Requirement: With the pictures excluded, output only the lines from the one containing "connect to everyone" through the last line of the entries, unchanged.

========================================

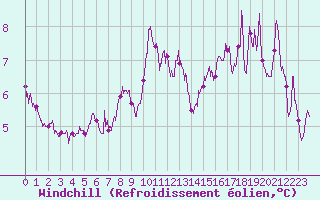 Courbe du refroidissement olien pour Roissy (95)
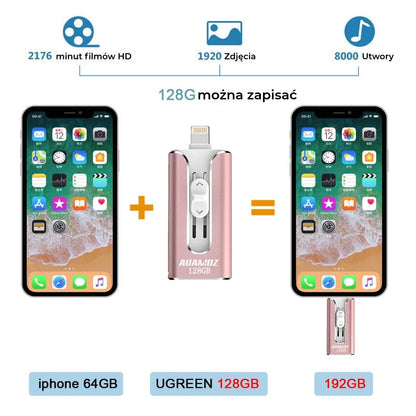 Profesjonalny Pendrive z adapterem USB-C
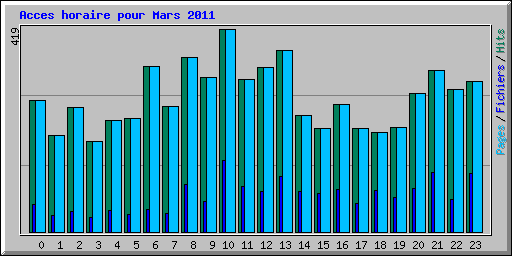 Acces horaire pour Mars 2011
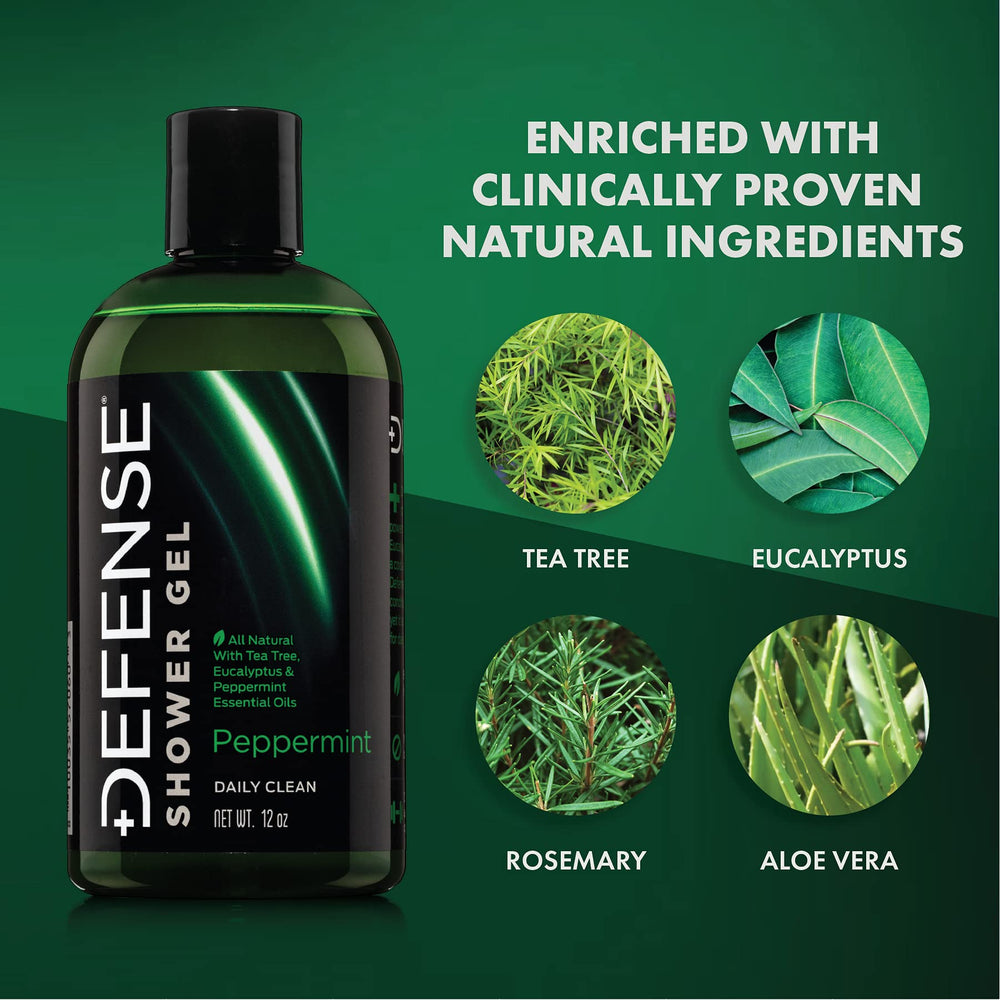 Defense Soap Peppermint Tea Tree Body Wash panel highlighting tea tree oil and eucalyptus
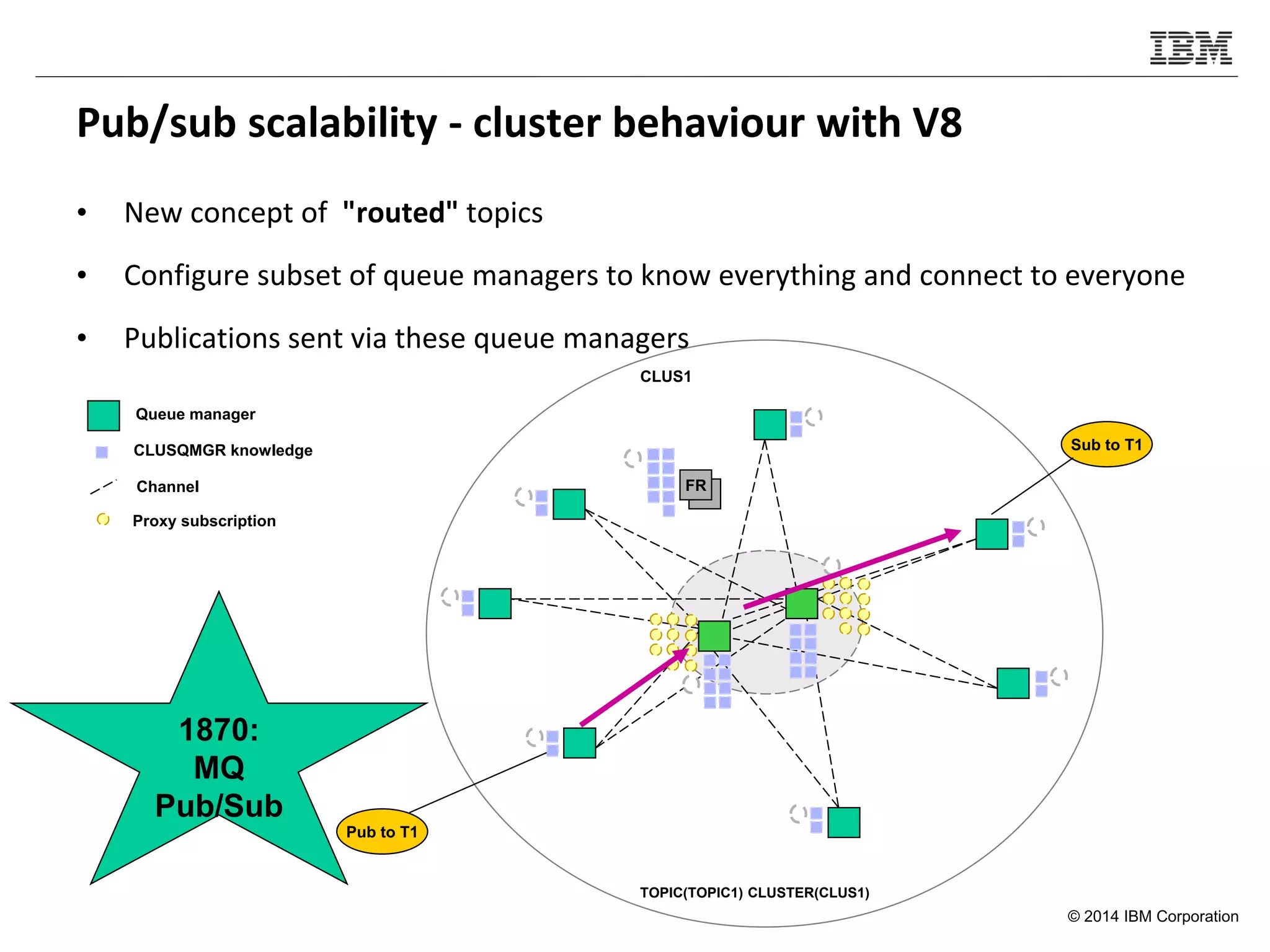 © 2014 IBM Corporation
Pub/sub scalability - cluster behaviour with V8
• New concept of "routed" topics
• Configure subset of queue managers to know everything and connect to everyone
• Publications sent via these queue managers
Queue manager
CLUSQMGR knowledge
Channel
Proxy subscription
CLUS1
TOPIC(TOPIC1) CLUSTER(CLUS1)
FR
Sub to T1
Pub to T1
1870:
MQ
Pub/Sub
 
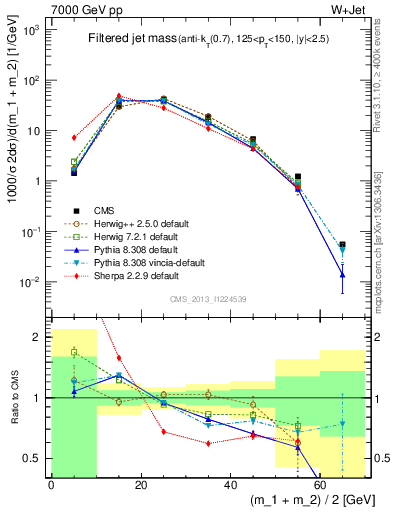 Plot of j.m.filt in 7000 GeV pp collisions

========================================

Written response:
• Configure subset of queue managers to know everything and connect to everyone
• Publications sent via these queue managers
Queue manager
CLUSQMGR knowledge
Channel
Proxy subscription
CLUS1
TOPIC(TOPIC1) CLUSTER(CLUS1)
FR
Sub to T1
Pub to T1
1870:
MQ
Pub/Sub
 
 Plot of j.m.filt in 7000 GeV pp collisions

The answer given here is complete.